GUYS, LOOK AT THIS!!!! That's what i'll be ordering a large group of this spring, MOUAHAHAHAHAHA!!!! 

That is DEFENETLY one of the most beautiful centipede specie that i have ever seen!!!! Does anybody have any nice ID keys on South-East asian species?!?!







It looks like a mix between Sc.Hardwickei and Sc.s.Tiger Legs, i LOVE it!!!!

 phil.


----------



## RottweilExpress (Feb 26, 2008)

You....lucky....#¤%#¤% dog. If those became available on this side of the sea...I'd get me a bunch.


----------



## bluefrogtat2 (Feb 26, 2008)

*wow*

super nice.want some of those in the states.real nice
andy
congrats on find


----------



## Steven (Feb 26, 2008)

Phil,
simply AWSOME !!!!
:drool: :drool: :drool: :drool: :drool: :drool:


love it !



PS:
yet another Sc.subspinipes island colorvariant perhaps ?
and i have K.W.Verhoeff. 1937, Chilopoden aus Malacca, which comes pretty close to Sulawesi/Celebes i guess, only not digital, original paperback.


----------



## bistrobob85 (Feb 26, 2008)

Hehe, i just hope nobody's going to think i painted them . 

 phil.


----------



## Steven (Feb 26, 2008)

bistrobob85 said:


> Hehe, i just hope nobody's going to think i painted them .


   



now that you mentioned it,...
there seems something fishy about those bandings :razz:


----------



## cacoseraph (Feb 26, 2008)

bistrobob85 said:


> Hehe, i just hope nobody's going to think i painted them .
> 
> phil.


one of the best sideways compliments ever


----------



## bistrobob85 (Feb 26, 2008)

Steven said:


> now that you mentioned it,...
> there seems something fishy about those bandings :razz:


Hehe, yeah, i didnt have enough paint to finish half of each tergite . 

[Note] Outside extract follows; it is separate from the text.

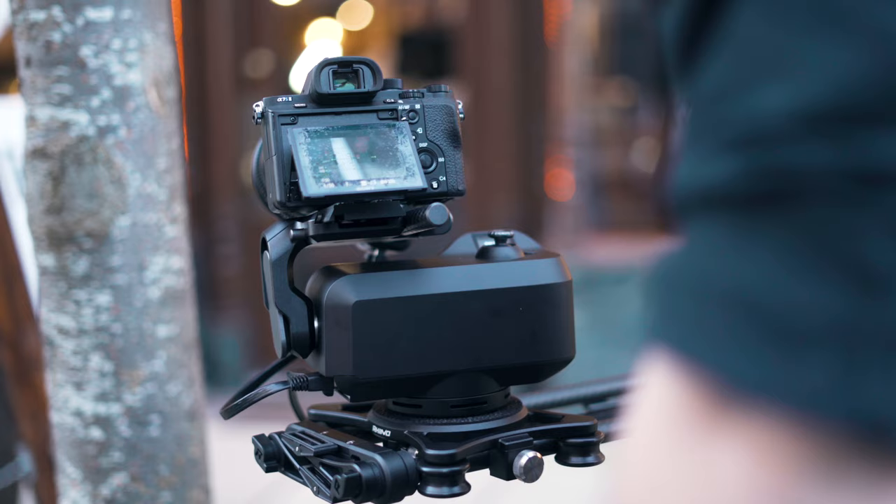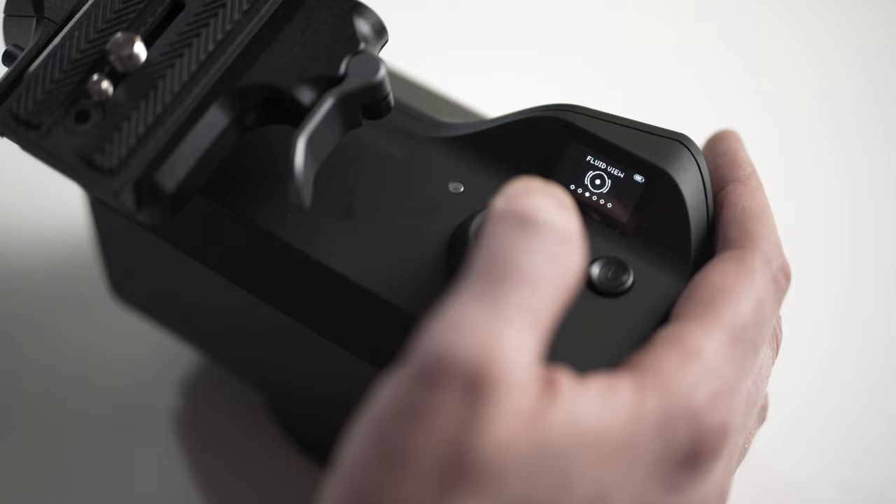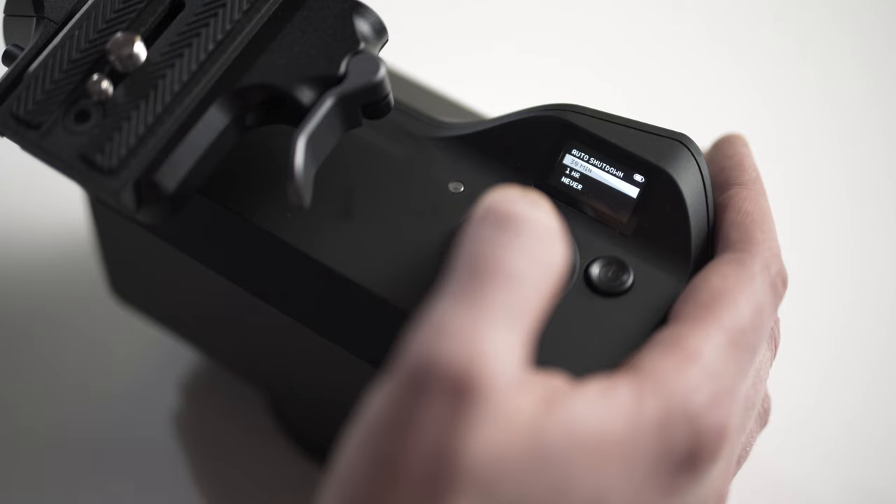Right now, Rhino Arc 2 turns off after 15 minutes of being idle when it's not in a move. If you walk away from your camera and after 15 minutes, you might actually lose your move because it auto shuts off. So we added a menu item in settings that allows you to choose between 30 minutes, one hour, and never for the unit to shut off.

With the name of the island  known as both Celebes and Sulawesi, i was thinking about giving the specie an easier nickname, a bit like the Tiger Legs or the Halloween centipedes which are fun common names. I was thinking about Fireball centipedes or just Celebes Giant Tiger Centipedes... what do you guys think? 

I can't wait to have them in front of me to see if they are actually Sc.subspinipes, and if they are a colorform of either Dehaani or Subspinipes . This is so exciting!!!! 

 phil.


----------



## redknee_freak (Feb 26, 2008)

that is one outstanding looking pede
great bright colors the bands are extremely visible 

you're a lucky guy

I ust gotten my first pede and hooked , looking forward on getting more in the near future


----------



## redknee_freak (Feb 26, 2008)

that is one outstanding looking pede
great bright colors the bands are extremely visible 

you're a lucky guy

I ust gotten my first pede and hooked , looking forward on getting more in the near future


----------



## Androctonus_bic (Feb 26, 2008)

I think S.s.s ( I think I can see at last 4 spicules in their terminal legs) but you will tell us.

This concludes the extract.